*Exercise directions*.
Give again, exactly as written, each line of the material below starting at the line that contains "ÖLKüHLER AUTOMATIKGETRIEBE NRF 310086 13" and ending at the line that contains "Snapshot of ahmet4090". Both ends count, and no other line does.

[Material shown — start]

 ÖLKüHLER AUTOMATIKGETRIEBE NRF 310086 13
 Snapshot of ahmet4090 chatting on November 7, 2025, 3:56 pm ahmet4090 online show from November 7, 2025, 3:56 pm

[Material shown — finish]
[Material shown — start]

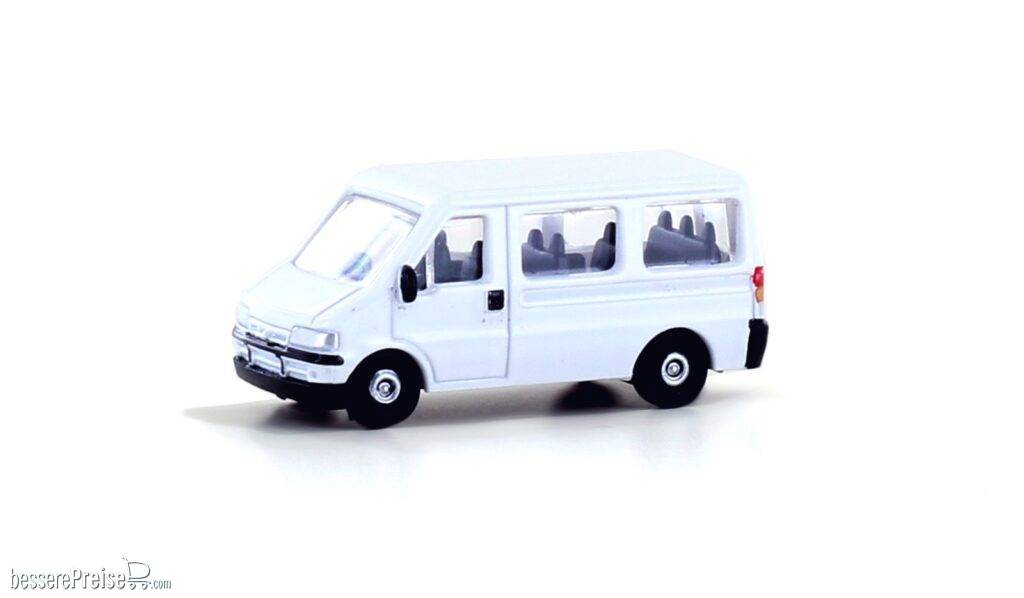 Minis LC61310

[Material shown — finish]

*Response area*.
 ÖLKüHLER AUTOMATIKGETRIEBE NRF 310086 13
 Snapshot of ahmet4090 chatting on November 7, 2025, 3:56 pm ahmet4090 online show from November 7, 2025, 3:56 pm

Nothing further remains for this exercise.